** Material to process follows **
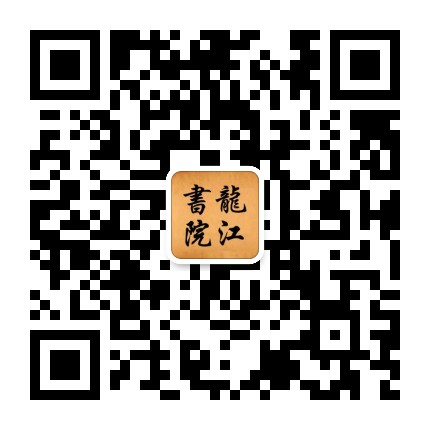 龙江国学书院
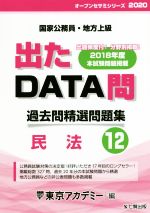 出たDATA問 過去問精選問題集 国家公務員・地方上級 民法-(オープンセサミシリーズ)(12)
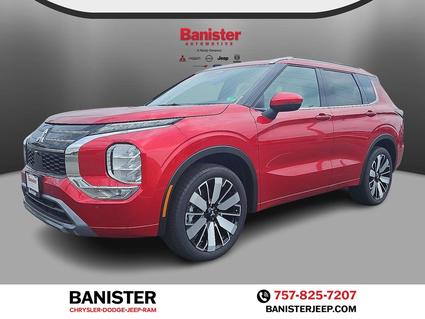 2025 Mitsubishi Outlander Hampton VA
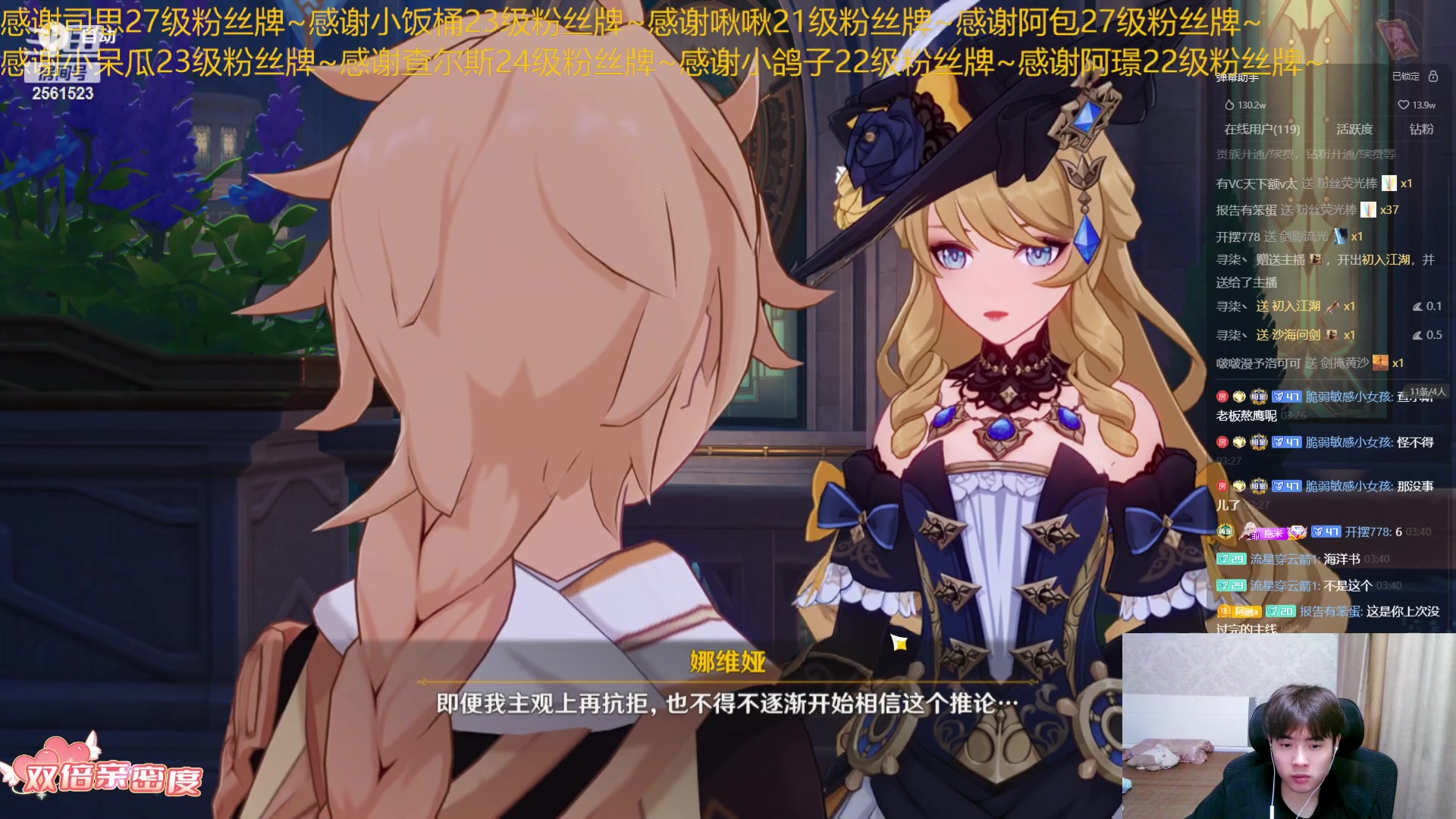 【2023-09-25 03点场】冲酱ccc：双倍亲密度~0.1元粉丝牌~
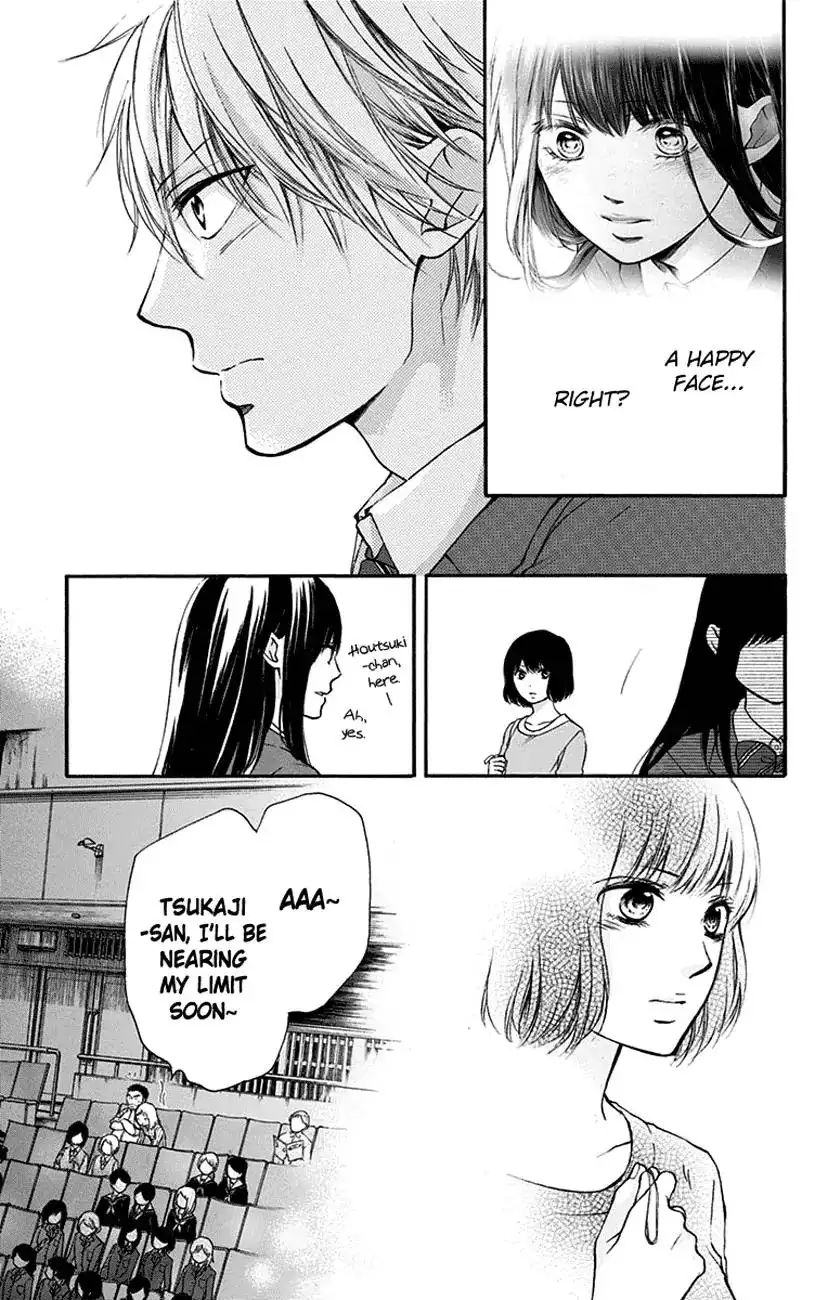 Kono Oto Tomare! Chapter 47 42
** End of Material to process **
Your goal:
Output precisely the lines in the material above from the line containing "2025 Mitsubishi Outlander Hampton VA" through its last line, and omit pictures.

Problem solution:
 2025 Mitsubishi Outlander Hampton VA
 【2023-09-25 03点场】冲酱ccc：双倍亲密度~0.1元粉丝牌~
 Kono Oto Tomare! Chapter 47 42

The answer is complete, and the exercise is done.